Investment strategy – lessons from the chess Grandmasters
After this spectacular match, and many other matches against computers, Garry Kasparov had the idea to invent a new form of chess in which humans and computers co-operate, instead of contending with each other. Kasparov named this form of chess ‘Advanced Chess’. In 2005 a variation or superset of Advanced Chess emerged – ‘freestyle chess’, where consultation teams are also allowed. Each innovation provided new insights into how the human + machine combination could reduce the risk of errors, increase the level of achievement to new heights, and provide greater transparency into the thought-processes behind effective decision-making.

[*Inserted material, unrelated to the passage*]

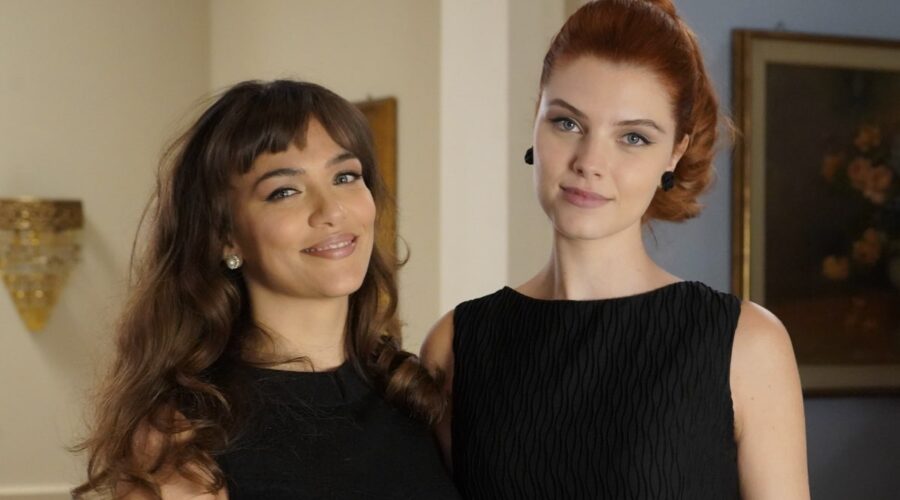 Da sinistra: Gloria Radulescu (Marta Guarnieri) e Arianna Amadei (Odile di Sant'Erasmo) in un posato per “Il Paradiso Delle Signore 10”. Credits: Pierfrancesco Bruni/Rai.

In our strategist team, we face the same issues. Humans bring experience, strategic insight and intuition to the investment process. Machines can process huge amounts of data quickly and entirely free of prejudice or doctrine. Hence in our investment process, which focuses on cycle, valuation and sentiment factors (CVS), the qualitative discussion gets a lot of attention, but the quantitative elements are equally important.
Quantitative models have a number of benefits:
- Models help us understand the sensitivity of financial variables to different factors. For example, the average time to mean reversion in currencies or the sensitivity of equity markets to a range of macroeconomic indicators. Models let us undertake scenario analysis and allow us to look at the distribution of potential outcomes.
- Models summarise data into signals that can be easily understood.
- Models can forecast the macro indicators (business cycle, jobs, CPI, central bank policy target rates) that matter for our investment decisions.
We should, however, be careful of relying too much on quant models.
- Models of financial variables (such as Treasury yields and exchange rates) generally have poor forecasting ability and do not predict turning points.
- Models that have forecasting ability will generally be complex and will not be trusted by portfolio managers without an intuitive understanding of how they work (nobody trusts a ‘black-box’).
Quantitative modelling acts as an anchor point for our views, helps us to overcome behavioural biases, forecasts predictable macro indicators, and organises large amounts of data into a form that can be integrated into a structured decision-making process. In our strategist team, we construct our narrative around the building blocks of cycle, valuation and sentiment. Quantitative modelling contributes to these building blocks. It also runs alongside our CVS process as a check on the qualitative decisions. Properly done, a melding of qualitative and quantitative methods may yield better results than either on their own.
In our process, we aim to be directionally correct without aiming for spurious precision – ‘better roughly right than precisely wrong’. Markets might be driven by fundamentals and mean reversion over the long term, but in the short-term, they are subject to cycles of fear and greed, and by reactions to information that may contain more noise than signal. Navigating those cycles and screening out the noise ultimately requires skilled human judgement.
After all, as grandmaster Viswanathan Anand remarked after winning Advanced Chess tournaments in three consecutive years (and then losing the fourth in the final)
‘You can do a lot of things with the computer but you still have to play good chess.’